Nanometer design will require new thinking in timing closure. Historically, design teams relied on static timing analysis, which depends on the abstracted behavior of individual gates to perform timing calculations. But at nanometer geometries, the gate-level analysis lacks the detail to resolve physical effects that lie at the transistor level.
Also, static gate-level models fail to account for critical timing issues such as changes in cell delay caused by changing operating characteristics. These transistor-level effects are best analyzed using a transistor-level simulation engine. One immediately thinks of Spice and Fast-Spice variants, but Spice engines lack the speed and capacity for the job.
An alternative, Nassda's CRITIC full-chip critical timing simulator, provides the detailed analysis for timing signoff. It performs automatic transistor-level, post-layout analysis of signal and clock nets. On the clock side, it identifies and traces the nets, back-annotates the nets with interconnect RC parasitics, and sets control signals to sensitize the clock paths. It then simulates the clock nets with the Spice model for each cell, including precise fanout loading. Finally, it compares the clock pin delays to those reported by a static analysis tool.
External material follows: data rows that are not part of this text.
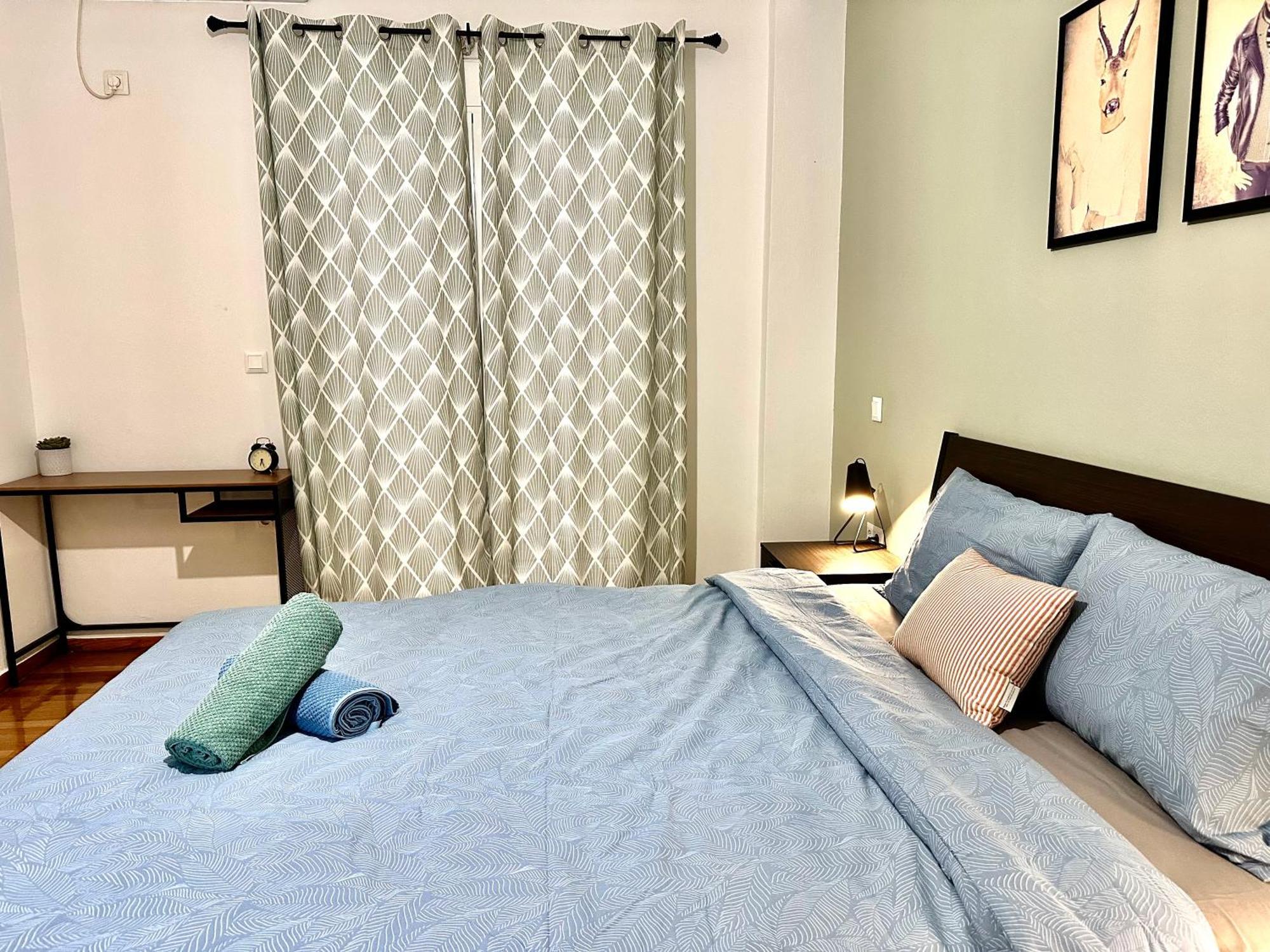 3bd Next To National Archaeological Museum Athen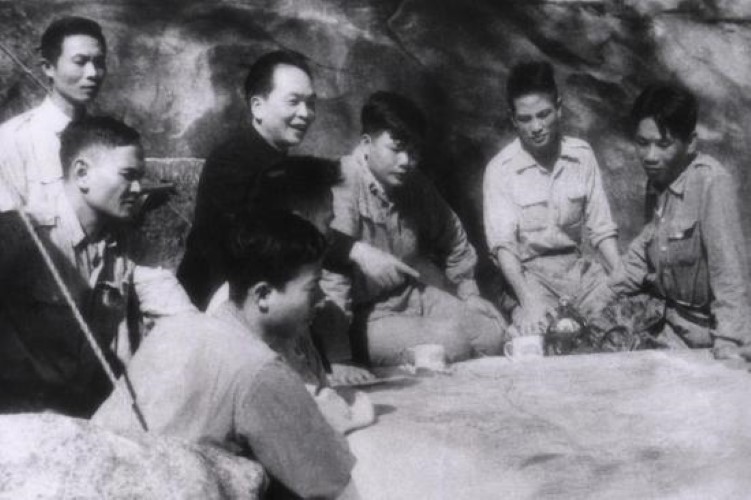 Đại tướng Võ Nguyên Giáp cùng các tướng lĩnh quân đội ta hoạch định kế hoạch tấn công Điện Biên Phủ tháng 3/1954. Ảnh: tư liệu

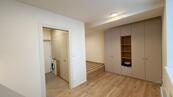 Pronájem, P-10, Strašnice, 1+KK, 24,79 m2, 1.NP/3NP, novostavba, zařízené, cena 15500 CZK / objekt / měsíc, nabízí Michal Němeček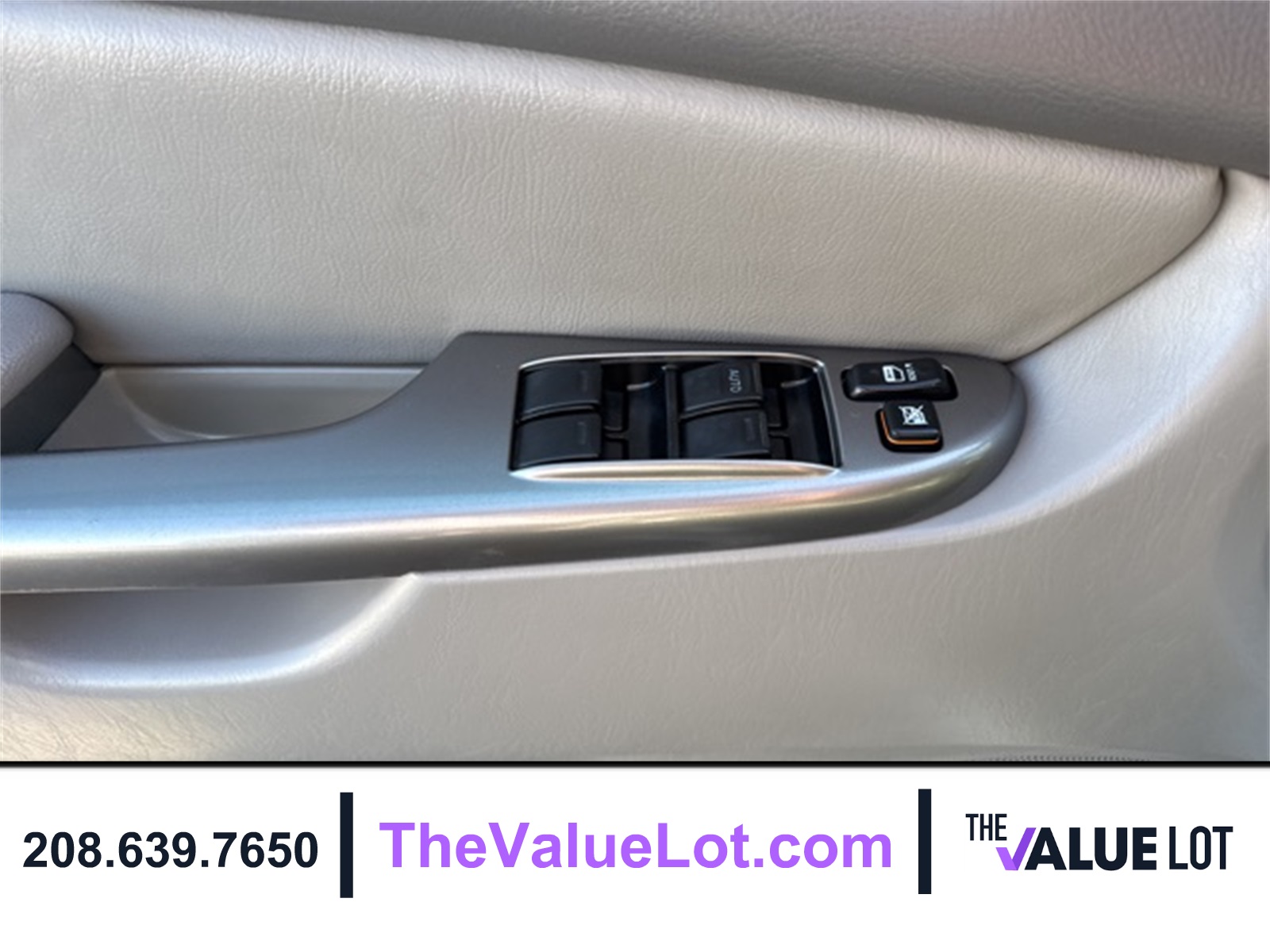 2007 Toyota Sienna LE photo 18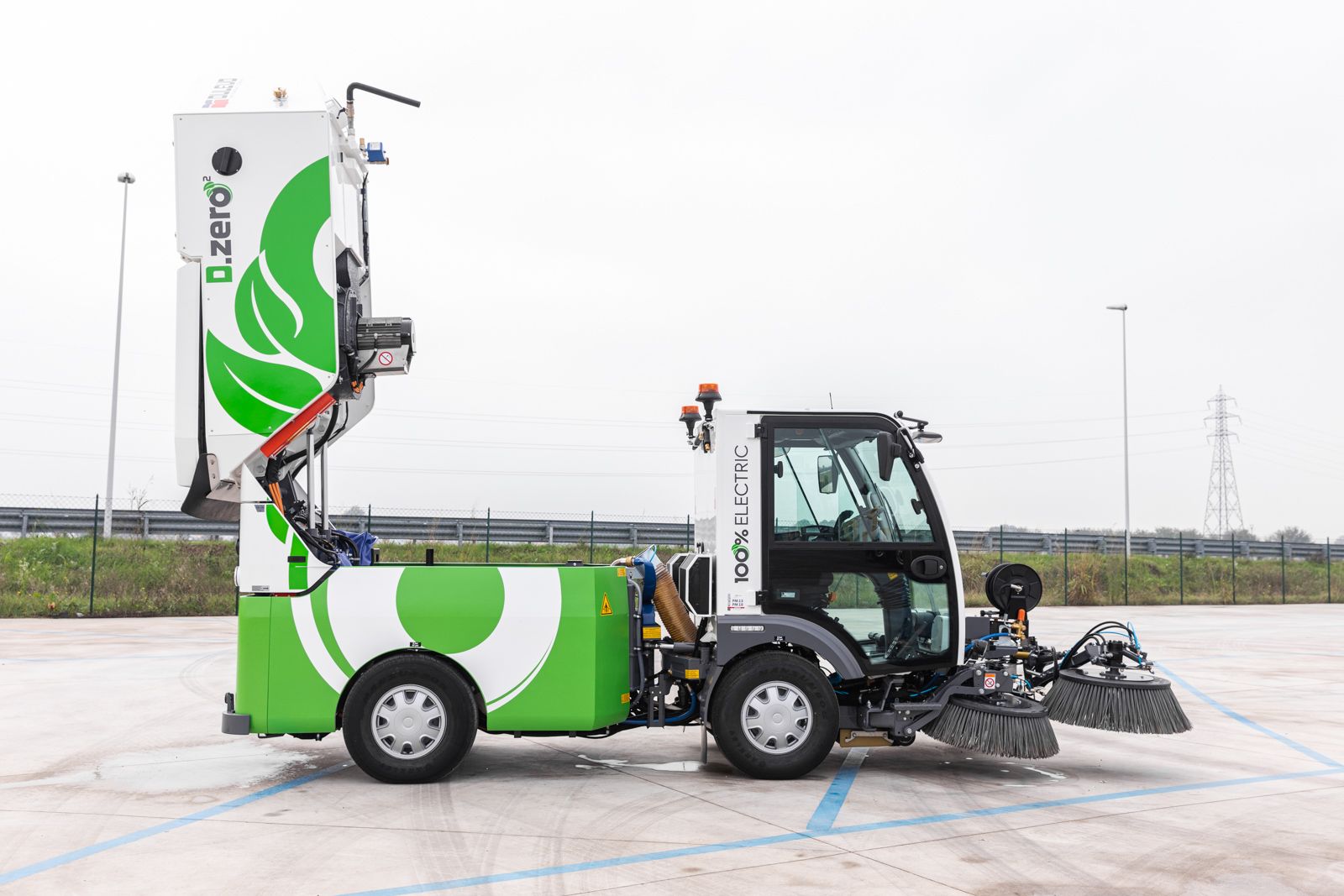 Balayeuse écologique Dulevo D.zero² avec capacité de déchets de 2.1 m³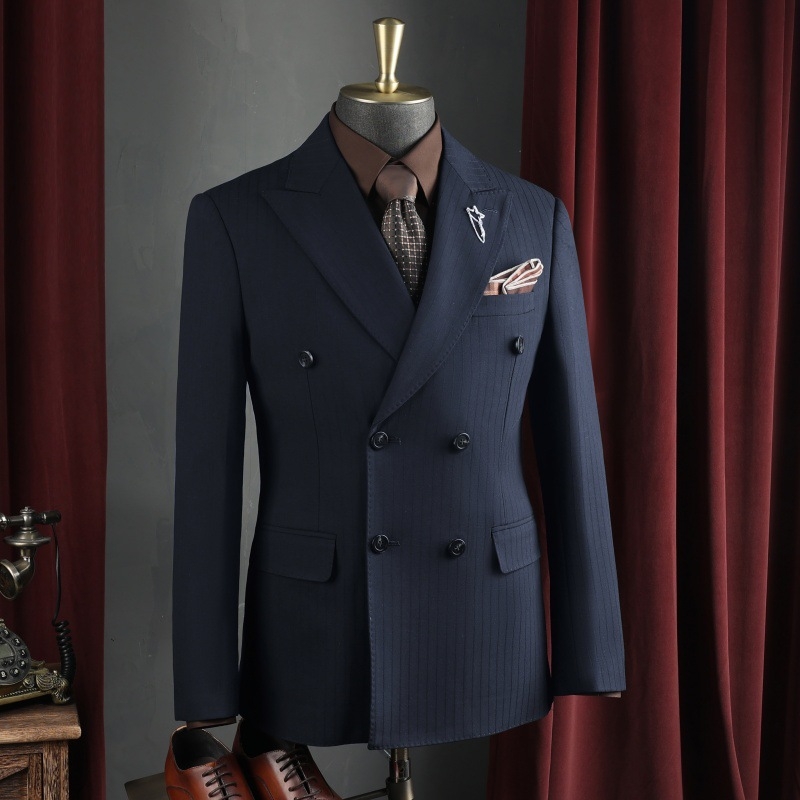 Σετ ανδρικού κοστουμιού για επιχειρηματικό ντύσιμο με επίπεδο πέτο, μονόβερτο κλείσιμο με ένα κουμπί, πολυεστερική ανάμειξη 67,1%, πλευρικά σχισίματα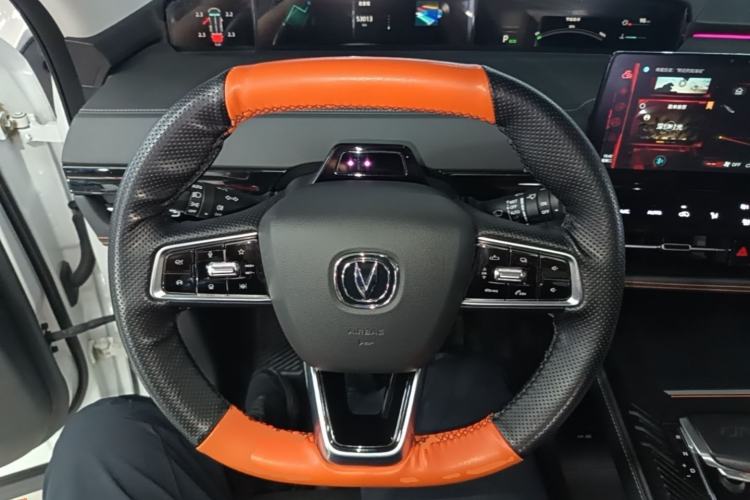 Used CHANGAN UNI-K 2021 2.0T All-Wheel Drive Prestige Version Steering Wheel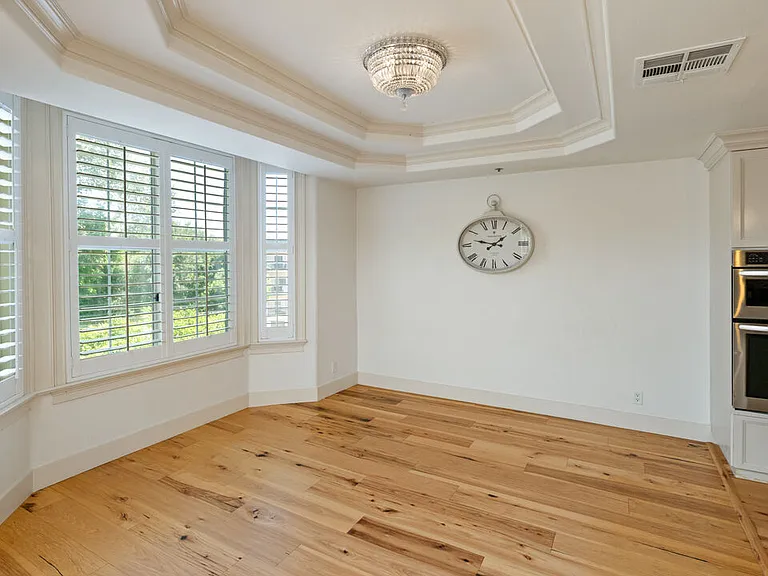 575 S Barrington Ave #305 — Photo 9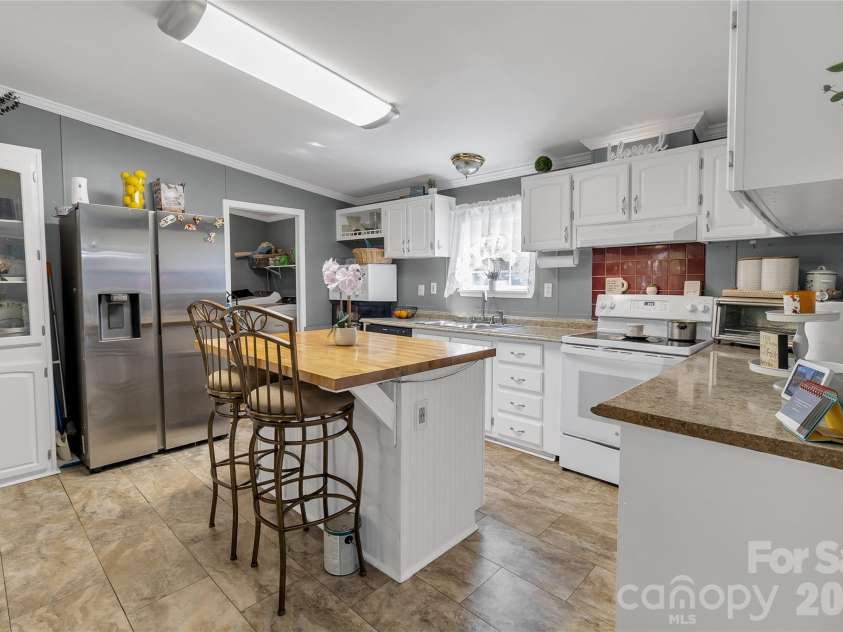 1508 Greenpack Parkway, Gastonia, NC 28056.  MLS# CAR4417455, YatesRealty ID 46626. 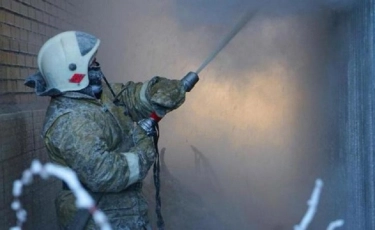 Павлодарда көпқабатты үй өртеніп, 40 адам эвакуацияланды  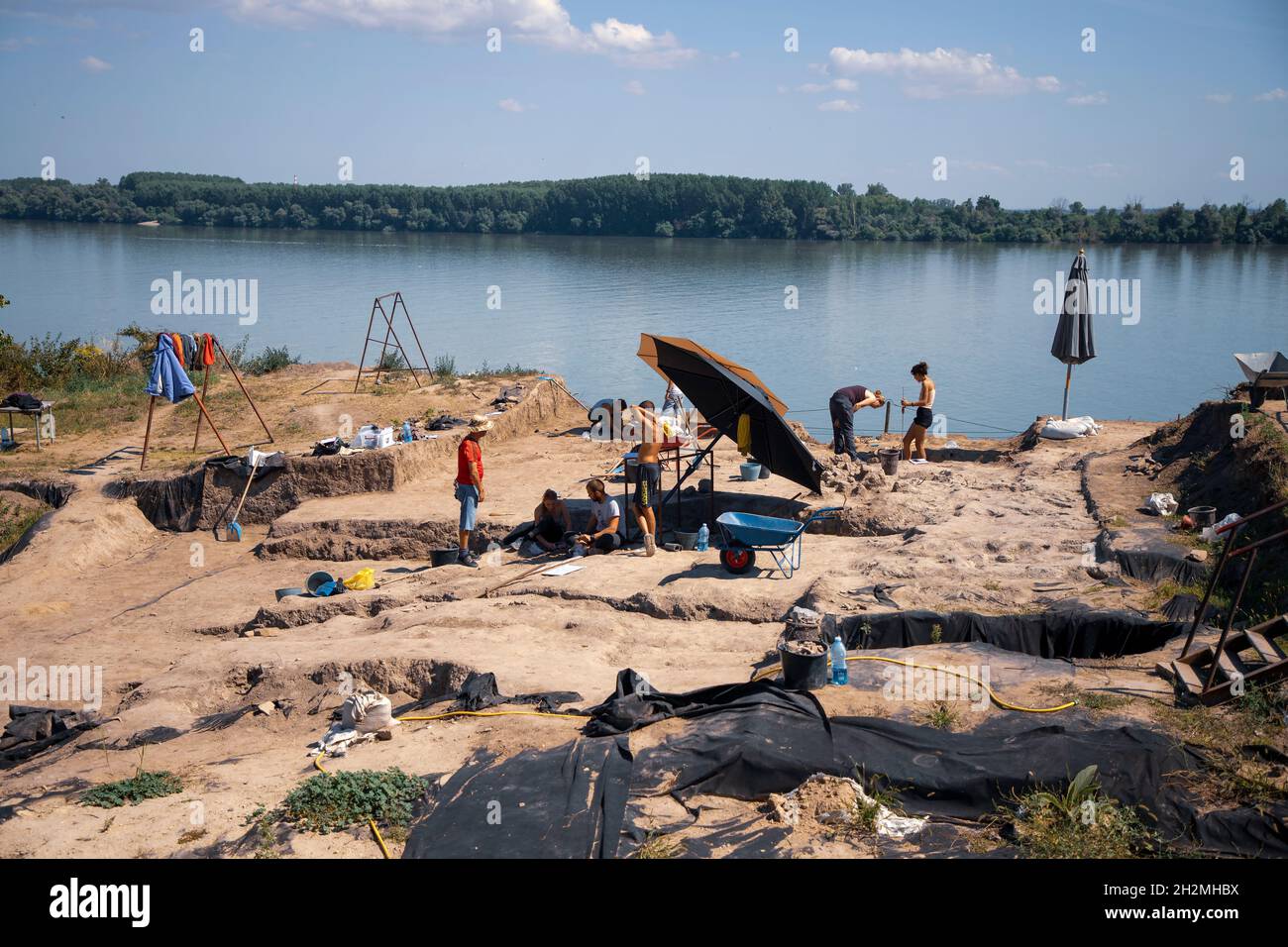 Vinča, Serbia, Sep 4, 2021: A team of archaeologists working on the site of excavations at the banks of the Danube Stock Photo
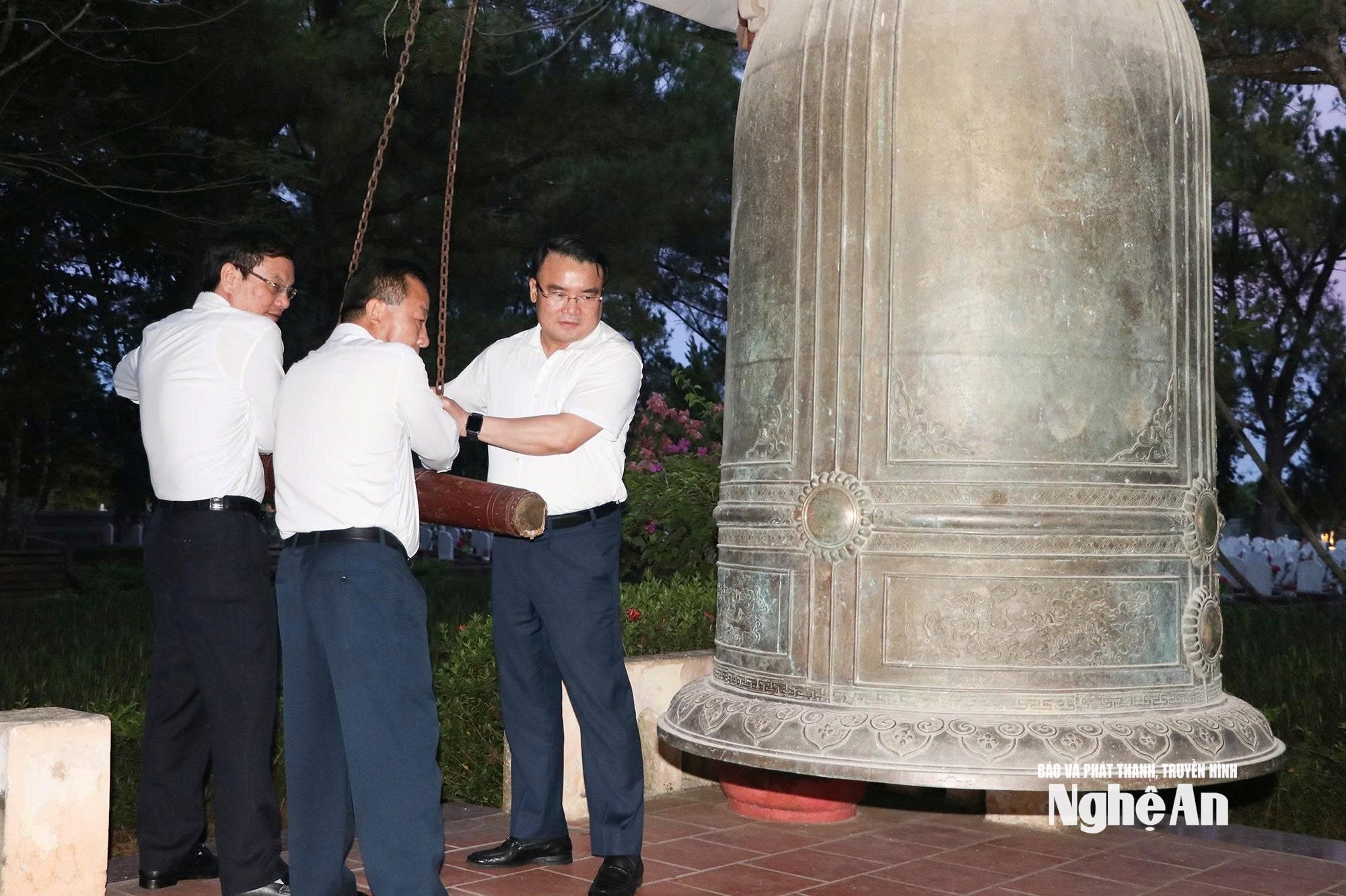 ថ្នាក់​ដឹក​នាំ​ខេត្ត និង​ថ្នាក់​ដឹក​នាំ​គណៈ​កម្មាធិការ​ប្រជាជន​ខេត្ត​បាន​លើក​កណ្តឹង​នៅ​ទី​បញ្ចុះ​សព​ទុក្ករ​បុគ្គល​ជាតិ Truong Son។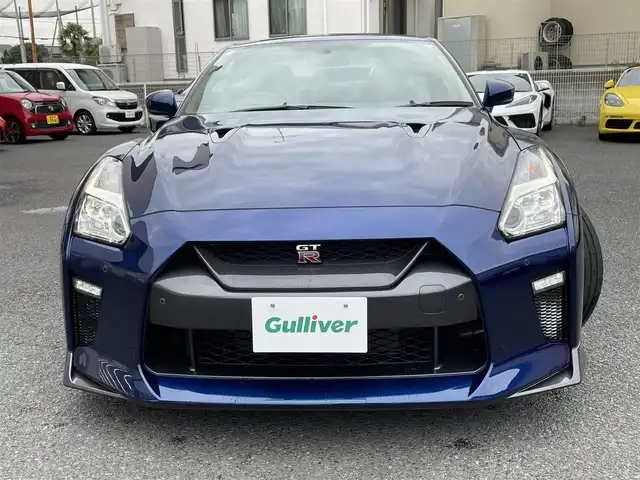 日産 ＧＴ－Ｒ ピュアエディション 神奈川県 2016(平28)年 2.4万km オーロラフレアブルーパール 純正SDナビ・地デジTV/バックモニター/ハーフレザーシート/純正20インチAW/ブレンボブレーキ/LEDヘッドライト/カーボングリル/コーナーセンサー/前席パワーシート/クルーズコントロール/純正CD/DVD/MSV/BT/USB再生/ビルトインETC/ドライブレコーダー/パドルシフト/レーダー探知機/プッシュスタート/インテリキー×2/保証書・取扱説明書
Critical paths are analyzed automatically and are usually chosen from a report generated by a static tool. CRITIC back-annotates post-layout parasitics. It also can automatically include secondary loads to critical paths to account for Miller capacitance and other loading effects. After analysis, the tool sets side-branch values to enable or sensitize the critical paths and creates input patterns for dynamic simulation. CRITIC simulates all paths together at once.
Time-based licenses start at $65,000 with support on numerous platforms.